The Vagina Monologues, raised awareness for and worked to end violence against women

This past weekend (Mar. 6-7) Eve Ensler’s episodic production, The Vagina Monologues, inspired love, laughter, and acceptance within the community of Kamloops at Brautigan Library, the North Shore’s newest venue.

The Vagina Monologues are put on annually in Kamloops to raise awareness for and work to end violence against cisgender, transgender and gender non-conforming women of all ages. The weekend’s productions included a varying range of monologues that worked to silence taboos concerning the female experience. The production, in particular, highlighted all parts of the female reproductive organ as ‘the ultimate embodiment of individuality’ and as a tool used to better empower women.

In a pre-show interview Angie Doolan, The Vagina Monologues current MC, long time participant, and first-time event organizer commented that “there are some happy, some sad, some eyeopening and some erotic stories” told during each night’s various monologues.

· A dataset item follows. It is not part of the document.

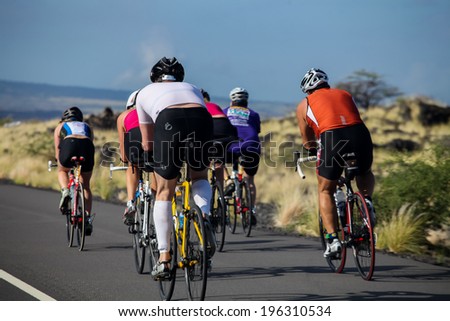 WAIKOLOA, USA - APRIL 3, 2011: Unidentified cyclers on the Lavaman Triathlon in Waikoloa, Hawaii. It is held in Olympics format: 1.5 km swimming, 40 km biking and 10 km running.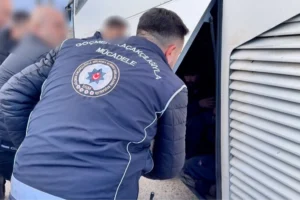 Yozgat'ta polis ekiplerinin düzenlediği göçmen kaçakçılığı operasyonunda yakalanan şahıslar ve araçlar.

The monologues touch on lighter matters such as sex, love, masturbation, menstruation, orgasm, and birth as well as on tough topics such as female genital mutilation (FGM) and rape. Doolan remembers seeing the monologues for the first time at an age in which she was not necessarily comfortable in her sexuality and believes The Vagina Monologues encouraged her to become more aware and more accepting of her body, others’ bodies and each and every woman’s unique female experience.

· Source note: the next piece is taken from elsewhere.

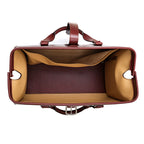 Taylor Duffle Bag in Oxblood, top view of the open interior with tan lining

Doolan went on to explain that the funds earned from this year’s monologues were donated to the ASK Wellness Society’s SHOP program in support of persons currently working within or retired from the sex trade industry; SHOP is a two-person run, Kamloops based initiative that continually provides support services for those involved in the sex trade both past and present.

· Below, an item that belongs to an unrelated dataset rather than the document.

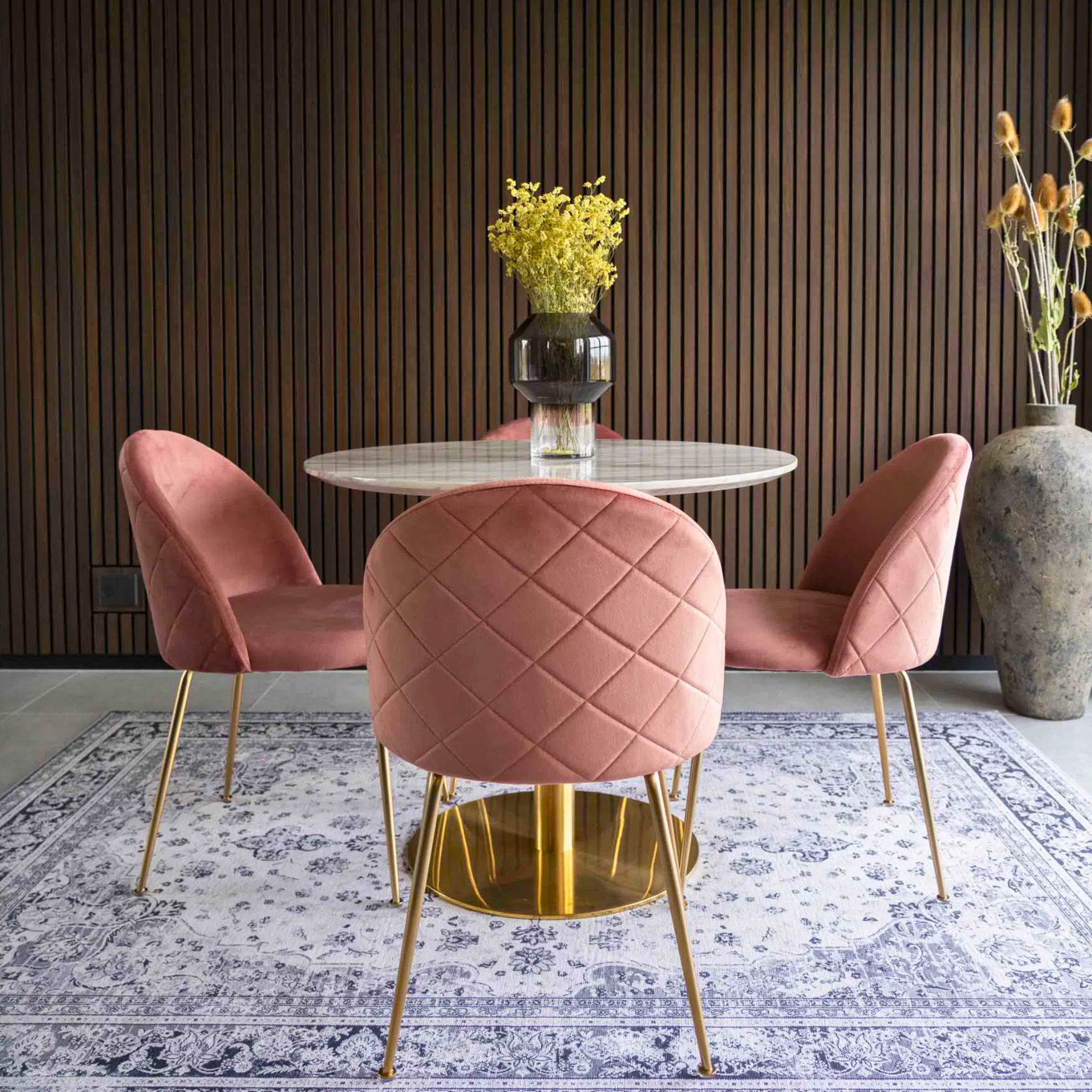 Set van roze velvet House Nordic Geneve eetkamerstoelen met gouden poten rond een marmeren eettafel in modern Scandinavisch interieur.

Doolan explained that sex work, “is still a job” and is unlikely to go away. She continued by saying, “[the sex trade] is an invisible industry… and definitely [doesn’t] hear many people discussing [sex work] on a regular basis.” In her opinion, we can best serve those involved in the sex trade industry by opening up conversations concerning it.

Conversation is key if we, as a society, wish to further tear down taboos concerning the female experience.

Until The Vagina Monologues return to Kamloops, Doolan urges women to open up candidly about their unique experiences with other women of varying ages. By continuing conversations about both the positive and negative experiences that many women must confront throughout their lifetimes, as well as experiences or circumstances that can be tough to open up about, we can work together towards a more so accepting future.